This is sort of note to myself. Here is a good article that I found while ago QPI Quiescence from Dave Dice. Again this makes me feel multi-processor or multi-core CPU like a networked system. See this article. Also the article mentioned Atomic CAS is more than 3 times expensive than regular CAS.

This slide summarized and visualized what is Quiescent Consistency very well.

“Method calls separated by a period of quiescence should appear to take effect in their real-time order.” (Herlihy/Shavit 2008)

QPI Quiescence is interesting way to create asymmetric synchronization which is basically optimization for fast-path thread. Idea is eliminating any #LOCK signal from fast-path thread as possible. And the slow-path thread still can use #LOCK signal and also creates QPI Quiescence.

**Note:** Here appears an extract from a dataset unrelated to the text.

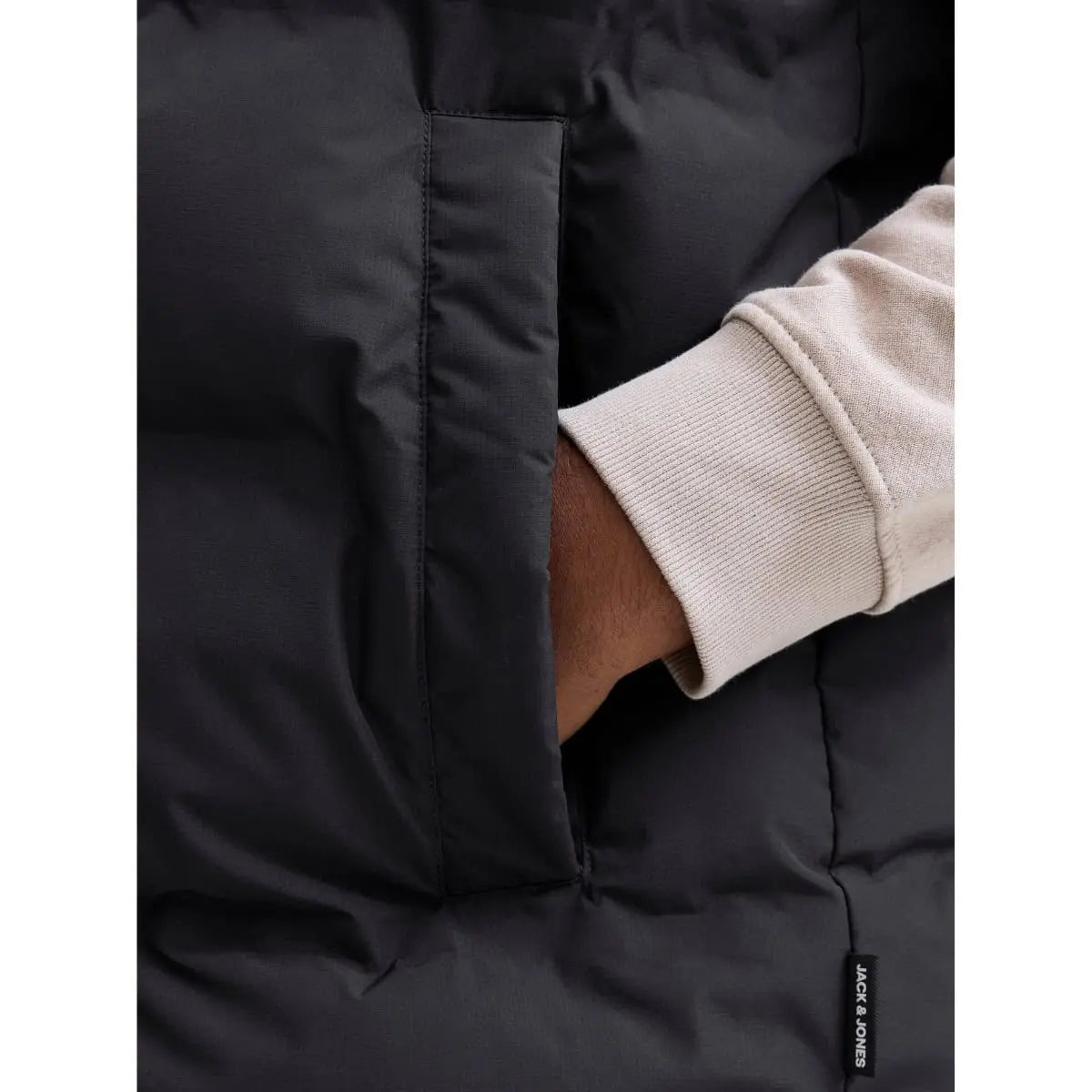 Velká pánská prošívaná vesta s límcem Jack &amp; Jones 12279427 černá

Windows provides FlushProcessWriteBuffers API which is in fact a mechanism to create Quiescent Consistency in muti-processor system. It also recognizes process CPU affinity.

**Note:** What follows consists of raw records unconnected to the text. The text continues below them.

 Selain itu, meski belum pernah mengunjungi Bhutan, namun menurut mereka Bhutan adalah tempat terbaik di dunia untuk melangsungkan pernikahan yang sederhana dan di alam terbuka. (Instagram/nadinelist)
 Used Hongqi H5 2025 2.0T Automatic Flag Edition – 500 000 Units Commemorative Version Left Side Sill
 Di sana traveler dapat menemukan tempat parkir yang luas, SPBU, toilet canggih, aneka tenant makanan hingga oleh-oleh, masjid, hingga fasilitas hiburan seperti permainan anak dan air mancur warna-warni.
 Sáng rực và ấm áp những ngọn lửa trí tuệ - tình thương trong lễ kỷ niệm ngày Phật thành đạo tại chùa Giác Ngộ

Flushes the write queue of each processor that is running a thread of the current process. The function generates an interprocessor interrupt (IPI) to all processors that are part of the current process affinity. It guarantees the visibility of write operations performed on one processor to the other processors.

Dmitri’s timing result is promising. I even wrote a Reader/Writer lock which is using FlushProcessWriteBuffers API before. I’d like to improve the R/W lock with perf comparison with other locks.